Copy exactly. Begin with the line that contains "湖南十大机场客流排行榜！根据湖南机场旅客吞吐量排行榜，黄花机场一枝独秀！稳居第" and stop after the last line of the records.

----

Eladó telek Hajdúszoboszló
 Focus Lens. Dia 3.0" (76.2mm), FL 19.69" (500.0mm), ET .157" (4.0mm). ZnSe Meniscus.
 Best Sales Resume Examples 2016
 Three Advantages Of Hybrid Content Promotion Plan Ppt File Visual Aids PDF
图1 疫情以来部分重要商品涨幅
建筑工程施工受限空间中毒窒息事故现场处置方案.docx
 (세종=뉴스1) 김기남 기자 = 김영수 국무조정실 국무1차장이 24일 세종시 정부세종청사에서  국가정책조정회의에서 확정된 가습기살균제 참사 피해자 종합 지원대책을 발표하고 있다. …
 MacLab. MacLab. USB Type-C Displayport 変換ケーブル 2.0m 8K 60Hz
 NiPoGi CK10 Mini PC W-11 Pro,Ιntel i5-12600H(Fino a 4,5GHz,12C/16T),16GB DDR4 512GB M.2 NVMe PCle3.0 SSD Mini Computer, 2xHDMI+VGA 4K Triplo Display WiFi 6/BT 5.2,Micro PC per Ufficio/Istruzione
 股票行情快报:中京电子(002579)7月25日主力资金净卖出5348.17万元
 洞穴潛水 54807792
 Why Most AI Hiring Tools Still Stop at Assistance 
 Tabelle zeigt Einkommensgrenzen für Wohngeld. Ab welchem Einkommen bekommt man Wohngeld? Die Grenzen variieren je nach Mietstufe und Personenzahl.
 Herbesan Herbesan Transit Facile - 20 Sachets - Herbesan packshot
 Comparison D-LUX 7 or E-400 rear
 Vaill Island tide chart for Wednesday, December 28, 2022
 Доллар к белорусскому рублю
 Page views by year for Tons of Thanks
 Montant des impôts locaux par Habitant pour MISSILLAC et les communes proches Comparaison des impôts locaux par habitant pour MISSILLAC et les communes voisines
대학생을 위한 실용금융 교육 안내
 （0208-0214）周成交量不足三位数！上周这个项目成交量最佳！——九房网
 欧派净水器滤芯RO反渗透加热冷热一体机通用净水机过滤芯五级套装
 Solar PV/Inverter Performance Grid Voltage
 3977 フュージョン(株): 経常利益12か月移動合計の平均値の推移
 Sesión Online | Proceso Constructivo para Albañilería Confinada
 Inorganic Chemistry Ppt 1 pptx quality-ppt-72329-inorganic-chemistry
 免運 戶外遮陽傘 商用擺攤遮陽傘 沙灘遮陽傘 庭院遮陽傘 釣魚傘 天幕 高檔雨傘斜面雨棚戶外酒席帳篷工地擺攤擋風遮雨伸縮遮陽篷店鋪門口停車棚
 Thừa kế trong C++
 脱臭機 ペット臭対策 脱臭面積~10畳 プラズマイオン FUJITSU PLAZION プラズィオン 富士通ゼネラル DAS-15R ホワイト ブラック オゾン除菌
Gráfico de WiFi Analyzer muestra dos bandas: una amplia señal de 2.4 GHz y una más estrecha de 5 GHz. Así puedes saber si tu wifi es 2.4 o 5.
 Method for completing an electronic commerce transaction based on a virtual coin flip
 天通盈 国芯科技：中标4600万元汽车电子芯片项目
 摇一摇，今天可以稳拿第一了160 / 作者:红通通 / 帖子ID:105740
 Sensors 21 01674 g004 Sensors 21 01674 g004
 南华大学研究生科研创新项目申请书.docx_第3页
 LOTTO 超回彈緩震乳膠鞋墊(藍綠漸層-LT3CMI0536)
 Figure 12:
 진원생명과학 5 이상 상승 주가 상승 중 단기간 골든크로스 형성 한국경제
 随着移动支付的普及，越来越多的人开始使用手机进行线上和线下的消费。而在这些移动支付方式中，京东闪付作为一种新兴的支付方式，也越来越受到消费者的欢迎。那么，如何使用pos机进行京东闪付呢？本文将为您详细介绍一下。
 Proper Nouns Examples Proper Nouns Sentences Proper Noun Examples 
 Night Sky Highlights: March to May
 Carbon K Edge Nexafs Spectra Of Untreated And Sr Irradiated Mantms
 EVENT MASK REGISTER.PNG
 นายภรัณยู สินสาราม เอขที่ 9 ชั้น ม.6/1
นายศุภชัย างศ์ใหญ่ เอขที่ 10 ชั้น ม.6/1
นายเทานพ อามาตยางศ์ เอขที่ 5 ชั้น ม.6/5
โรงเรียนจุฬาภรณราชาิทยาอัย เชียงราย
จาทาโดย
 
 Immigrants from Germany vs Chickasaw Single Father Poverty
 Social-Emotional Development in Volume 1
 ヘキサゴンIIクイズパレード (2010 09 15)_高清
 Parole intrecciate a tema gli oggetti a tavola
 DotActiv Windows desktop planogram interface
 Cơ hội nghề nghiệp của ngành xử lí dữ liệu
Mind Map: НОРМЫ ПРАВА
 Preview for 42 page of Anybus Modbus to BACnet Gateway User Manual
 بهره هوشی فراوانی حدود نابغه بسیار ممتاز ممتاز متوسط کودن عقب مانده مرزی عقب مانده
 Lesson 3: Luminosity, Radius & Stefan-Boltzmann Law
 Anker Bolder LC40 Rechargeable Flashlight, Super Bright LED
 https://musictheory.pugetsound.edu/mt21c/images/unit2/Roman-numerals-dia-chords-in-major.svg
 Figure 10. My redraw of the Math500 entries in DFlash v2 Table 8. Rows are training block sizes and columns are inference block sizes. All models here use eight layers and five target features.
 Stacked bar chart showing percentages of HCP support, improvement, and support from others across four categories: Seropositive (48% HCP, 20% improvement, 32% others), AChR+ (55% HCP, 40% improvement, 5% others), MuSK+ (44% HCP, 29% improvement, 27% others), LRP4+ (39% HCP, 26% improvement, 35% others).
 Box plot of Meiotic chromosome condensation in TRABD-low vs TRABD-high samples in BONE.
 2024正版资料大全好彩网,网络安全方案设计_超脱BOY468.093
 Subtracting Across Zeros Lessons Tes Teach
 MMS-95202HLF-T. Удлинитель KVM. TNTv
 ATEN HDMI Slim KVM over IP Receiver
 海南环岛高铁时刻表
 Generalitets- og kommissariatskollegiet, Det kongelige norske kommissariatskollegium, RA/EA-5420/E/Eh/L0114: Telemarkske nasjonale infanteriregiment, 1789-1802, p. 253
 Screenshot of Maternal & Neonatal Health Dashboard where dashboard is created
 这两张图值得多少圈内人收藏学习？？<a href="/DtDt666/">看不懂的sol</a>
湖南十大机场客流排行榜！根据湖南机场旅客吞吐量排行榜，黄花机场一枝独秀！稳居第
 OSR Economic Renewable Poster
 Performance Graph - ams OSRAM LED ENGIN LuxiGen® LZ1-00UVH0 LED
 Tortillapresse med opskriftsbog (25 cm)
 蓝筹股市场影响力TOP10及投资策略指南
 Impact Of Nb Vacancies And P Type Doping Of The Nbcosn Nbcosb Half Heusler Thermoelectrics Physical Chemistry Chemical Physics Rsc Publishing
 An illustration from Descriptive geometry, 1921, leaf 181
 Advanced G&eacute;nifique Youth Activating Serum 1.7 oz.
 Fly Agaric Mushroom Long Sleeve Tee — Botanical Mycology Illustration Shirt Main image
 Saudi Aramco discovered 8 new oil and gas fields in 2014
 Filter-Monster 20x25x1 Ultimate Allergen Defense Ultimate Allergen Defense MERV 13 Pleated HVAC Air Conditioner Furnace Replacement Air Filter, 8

----

Answer area:
湖南十大机场客流排行榜！根据湖南机场旅客吞吐量排行榜，黄花机场一枝独秀！稳居第
 OSR Economic Renewable Poster
 Performance Graph - ams OSRAM LED ENGIN LuxiGen® LZ1-00UVH0 LED
 Tortillapresse med opskriftsbog (25 cm)
 蓝筹股市场影响力TOP10及投资策略指南
 Impact Of Nb Vacancies And P Type Doping Of The Nbcosn Nbcosb Half Heusler Thermoelectrics Physical Chemistry Chemical Physics Rsc Publishing
 An illustration from Descriptive geometry, 1921, leaf 181
 Advanced G&eacute;nifique Youth Activating Serum 1.7 oz.
 Fly Agaric Mushroom Long Sleeve Tee — Botanical Mycology Illustration Shirt Main image
 Saudi Aramco discovered 8 new oil and gas fields in 2014
 Filter-Monster 20x25x1 Ultimate Allergen Defense Ultimate Allergen Defense MERV 13 Pleated HVAC Air Conditioner Furnace Replacement Air Filter, 8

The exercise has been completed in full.